ITEM 2 Management's Discussion and Analysis of Financial Condition and Results
of Operations (continued)
Purchased services and materials decreased by $779,000 (6%) in the first
quarter of fiscal year 2010 compared to the first quarter of fiscal year 2009.
The decrease is attributable to the reduced chemical laboratory testing work and
lower than anticipated protective suit sales during the first quarter of fiscal
year 2010 in the Company's National Security business segment as mentioned
above.
Direct costs of services and overhead include the cost to Versar of direct
and overhead staff, including recoverable and unallowable costs that are
directly attributable to contracts.

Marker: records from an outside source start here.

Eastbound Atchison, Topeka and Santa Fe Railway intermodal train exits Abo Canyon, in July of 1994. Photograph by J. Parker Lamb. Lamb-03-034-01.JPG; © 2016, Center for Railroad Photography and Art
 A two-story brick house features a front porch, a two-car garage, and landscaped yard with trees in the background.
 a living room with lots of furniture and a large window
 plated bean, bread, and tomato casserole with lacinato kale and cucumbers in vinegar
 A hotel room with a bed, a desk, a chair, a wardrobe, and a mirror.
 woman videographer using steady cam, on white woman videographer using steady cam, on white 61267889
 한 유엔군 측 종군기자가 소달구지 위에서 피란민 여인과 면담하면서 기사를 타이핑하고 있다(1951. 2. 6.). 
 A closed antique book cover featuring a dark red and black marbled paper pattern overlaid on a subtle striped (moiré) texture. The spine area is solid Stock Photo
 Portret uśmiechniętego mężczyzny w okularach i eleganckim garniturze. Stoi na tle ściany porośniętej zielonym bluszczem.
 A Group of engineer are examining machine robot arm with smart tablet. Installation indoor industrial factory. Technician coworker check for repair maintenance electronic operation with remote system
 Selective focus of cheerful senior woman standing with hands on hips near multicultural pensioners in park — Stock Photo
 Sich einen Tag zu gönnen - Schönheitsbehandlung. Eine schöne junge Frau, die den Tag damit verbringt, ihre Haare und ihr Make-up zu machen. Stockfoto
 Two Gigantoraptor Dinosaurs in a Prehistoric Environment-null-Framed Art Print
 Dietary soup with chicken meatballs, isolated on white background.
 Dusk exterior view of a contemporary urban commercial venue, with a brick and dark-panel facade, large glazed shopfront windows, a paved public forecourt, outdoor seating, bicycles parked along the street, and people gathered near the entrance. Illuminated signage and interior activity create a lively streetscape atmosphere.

Direct costs of services and overhead
increased by $1,320,000 (16%) in the first quarter of fiscal year 2010 compared
to that reported in the first quarter of fiscal year 2009. Approximately 40% of
the increase is due to the business growth in the Professional Services business
segment. The balance of the increase is due to additional costs required to
support the U.S. based construction work and business growth initiatives in the
telecommunications and green energy markets in the Program Management business
segment.
Gross profit for the first quarter of fiscal year 2010 was $2,353,000, a
decrease of $825,000 (26%) compared to that reported in the first quarter of
fiscal year 2009. The decrease is primarily due to the increased direct costs of
services and overhead in the Program Management business segment along with the
continued poor operating performance in the Compliance and Environmental
business segment in the first quarter of fiscal year 2010.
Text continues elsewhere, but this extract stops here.